December 5, 2005 at 4:58 pm
Hmmm... well, I know this is going to come up, too. What about if I need the alpha characters only?
For example, starting in the 4th position, I need to pick up everything until I hit a number:
U2-GED 34039 (I need GED)
U2-GE 00638 (I need GE)
U2-GESE38027 (I need GESE)
I tried changing this to charindex, but couldn't get it to return what I needed. Any other ideas? Thanks for the help!
December 6, 2005 at 7:02 am
You can do the same kind of thing:
--select between position 4 and the first number after position 4
Declare @TestData varchar(20)
Set @TestData = 'U2-GED 34039'
Select Substring(@TestData, 4, patindex('%[0-9]%', Substring(@TestData, 4, Len(@TestData)))-1)
Ryan Randall
Solutions are easy. Understanding the problem, now, that's the hard part.
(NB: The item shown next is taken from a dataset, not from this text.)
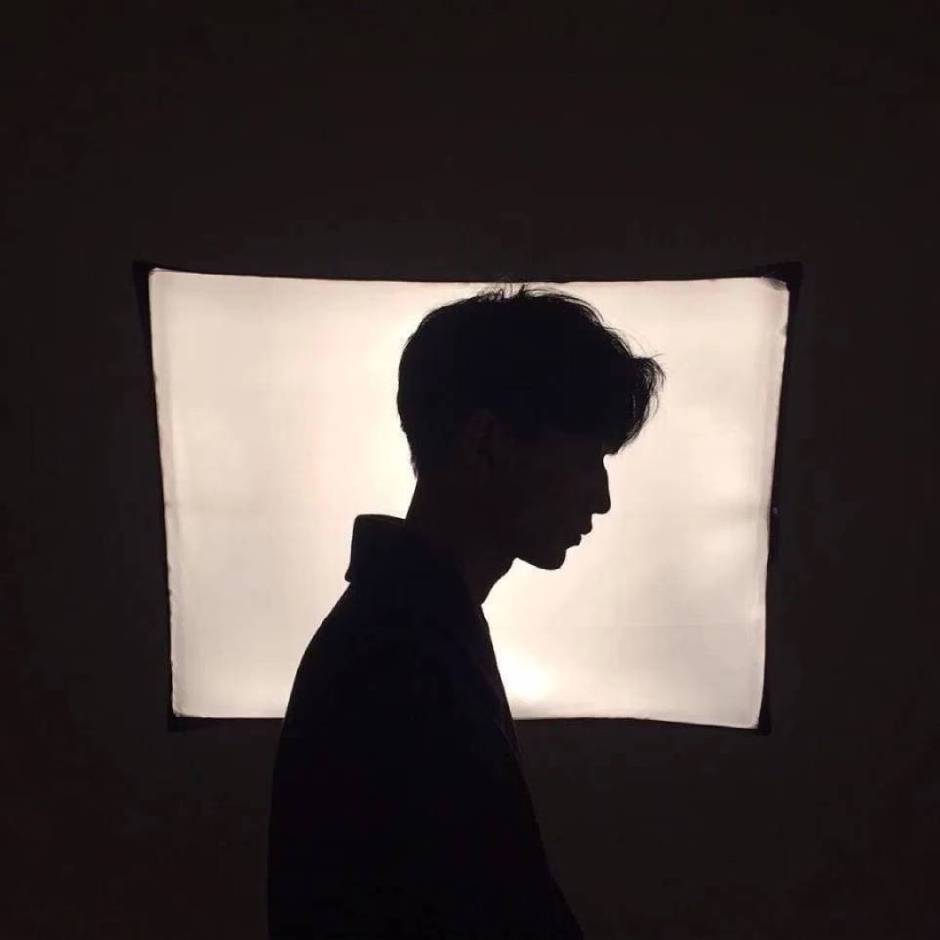 不知（话痨三鸽）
December 6, 2005 at 9:00 am
I ran into this often enough to create a general-purpose function. The @type parameter should have a bit set for every class of character you want returned; 1=alphabetic, 2=numeric, 3=alphanumeric, 7=alphanumeric and spaces, 15=all standard ASCII chars, etc.
CREATE
FUNCTION [dbo].[udf_extract] (
@input varchar(500),
@type tinyint
)
RETURNS varchar(500)
-- Removes unwanted characters from a string
-- Set bits in @type to indicate which types of characters to keep
-- 1=Alpha, 2=Numeric, 4=Space, 8=Other Printable Characters, 16=Control & Graphic characters
-- Example: SELECT master.dbo.udf_extract(' ABC def 321 ', 1|2|4|8)
AS
BEGIN
DECLARE @output varchar(500), @i smallint, @C tinyint
SET @output = ''
SET @i = DATALENGTH(@input) -- Use DATALENGTH instead of LEN to handle @input of all spaces
WHILE @i > 0 BEGIN
SET @C = ASCII(SUBSTRING(@input, @i, 1))
IF 0 < ( @type &
CASE
WHEN @C BETWEEN 65 AND 90 OR @C BETWEEN 97 AND 122 THEN 1
WHEN @C BETWEEN 48 AND 57 THEN 2
WHEN @C = 32 THEN 4
WHEN @C BETWEEN 33 AND 126 THEN 8
ELSE 16 END)
SET @output = CHAR(@C) + @output
SET @i = @i - 1
END
RETURN @output
END
December 6, 2005 at 1:18 pm
I have a bunch of functions for string cleaning. As far as execution plans go, is it more optimal to use different functions?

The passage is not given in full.